Under the Administrative Procedure Act, which lays out the process by which new regulations must be adopted, there is a six-year statute of limitations on lawsuits. But the store in question in this case, Corner Post, did not open for business until 2018, raising the question of when the clock starts.
The court ruled in favor of the plaintiffs, saying that “an APA claim does not accrue for purposes of [its] 6-year statute of limitations until the plaintiff is injured by final agency action.” Basically, the clock begins running when the firm is first legally hurt by the rule.
The case relates to the so-called Durbin amendment in the Dodd-Frank law, which places a cap on the amount a bank can charge a retailer when a debit card is used, but it has potentially sweeping consequences.
Justice Ketanji Brown Jackson in her dissent argued that the ruling, coupled with a Friday decision that curbed the power of executive agencies, would authorize “a tsunami of lawsuits” with “the potential to devastate the functioning of the Federal Government.”
She called on Congress to “address this absurdity and forestall the coming chaos.”
“Congress can make clear that lawsuits bringing facial claims against agencies are not personal attack vehicles for new entities created just for that purpose,” Jackson wrote.
Reps.
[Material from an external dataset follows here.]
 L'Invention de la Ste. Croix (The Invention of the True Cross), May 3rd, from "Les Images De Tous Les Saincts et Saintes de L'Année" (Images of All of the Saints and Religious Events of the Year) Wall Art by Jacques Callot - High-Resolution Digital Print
Jerrold Nadler (D-N.Y.) and Lou Correa (D-Calif.), who both hold senior positions on the House Judiciary Committee, echoed that sentiment in a joint statement: “We must act now to amend the Administrative Procedure Act to ensure that lawbreakers and deep-pocketed parties cannot use this misguided ruling to challenge the rules that protect all of us,” they said.
The National Retail Federation, which has long battled the banking industry over swipe fees, praised the ruling.
“The bottom line is that a small business harmed by a faulty regulation should not be denied its day in court based on a technicality, especially one that has been in dispute,” said NRF Chief Administrative Officer and General Counsel Stephanie Martz in a press release.
The lobbying group is not a party to the case, but Martz was co-counsel of it.